Your assignment
Pictures are not part of the copy; reproduce the remaining data exactly.

Information supplied below:

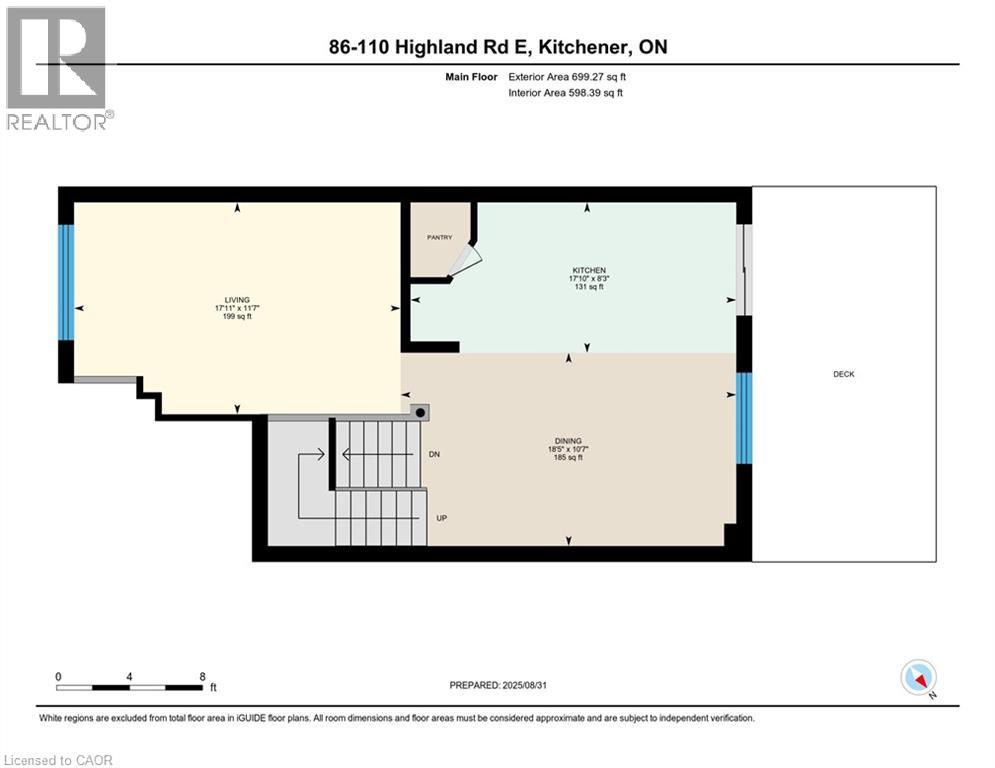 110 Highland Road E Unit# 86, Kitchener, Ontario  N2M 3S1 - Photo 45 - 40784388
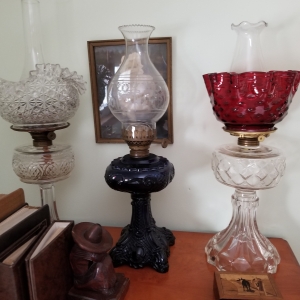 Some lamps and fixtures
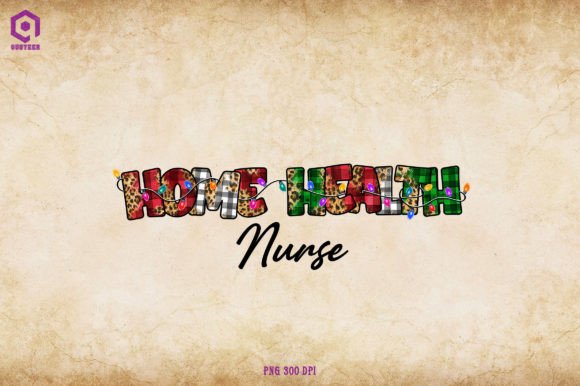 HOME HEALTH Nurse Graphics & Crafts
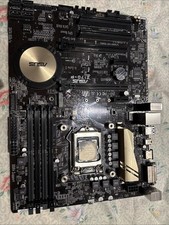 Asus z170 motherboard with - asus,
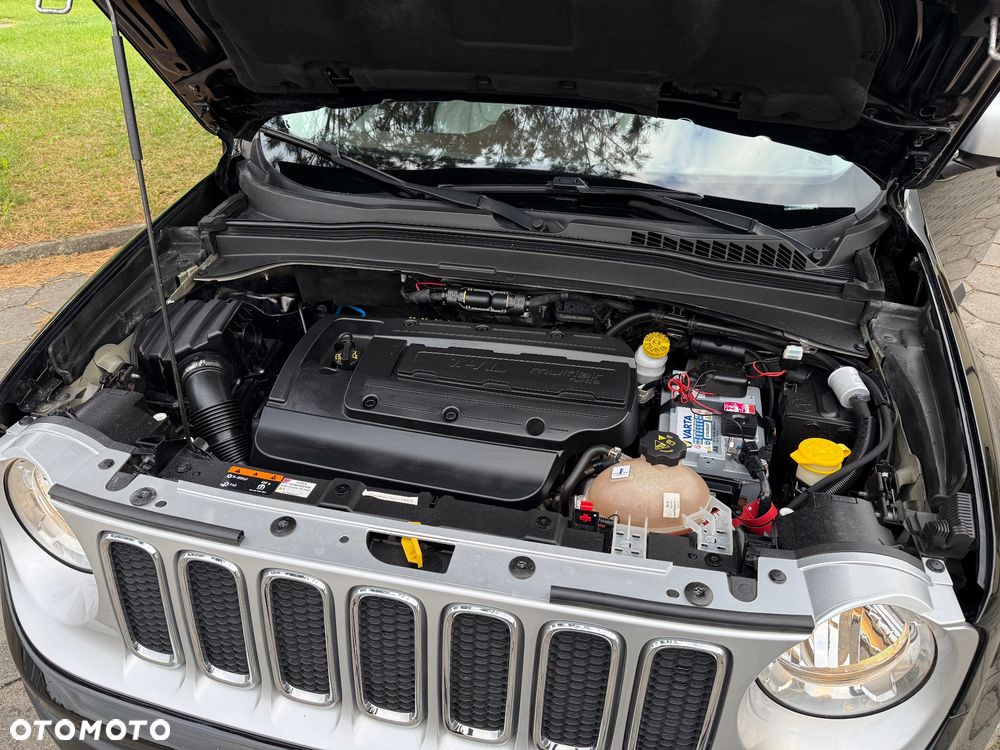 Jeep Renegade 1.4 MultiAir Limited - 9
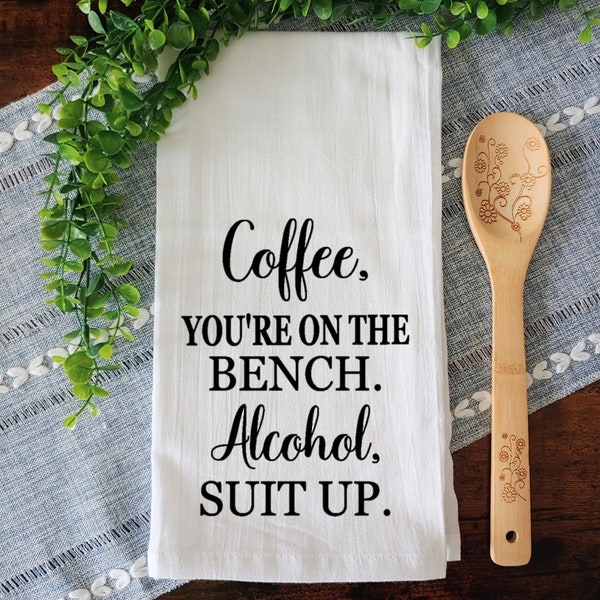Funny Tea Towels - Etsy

End of Information supplied.

Solution for this problem
 110 Highland Road E Unit# 86, Kitchener, Ontario  N2M 3S1 - Photo 45 - 40784388
 Some lamps and fixtures
 HOME HEALTH Nurse Graphics & Crafts
 Asus z170 motherboard with - asus,
 Jeep Renegade 1.4 MultiAir Limited - 9
Funny Tea Towels - Etsy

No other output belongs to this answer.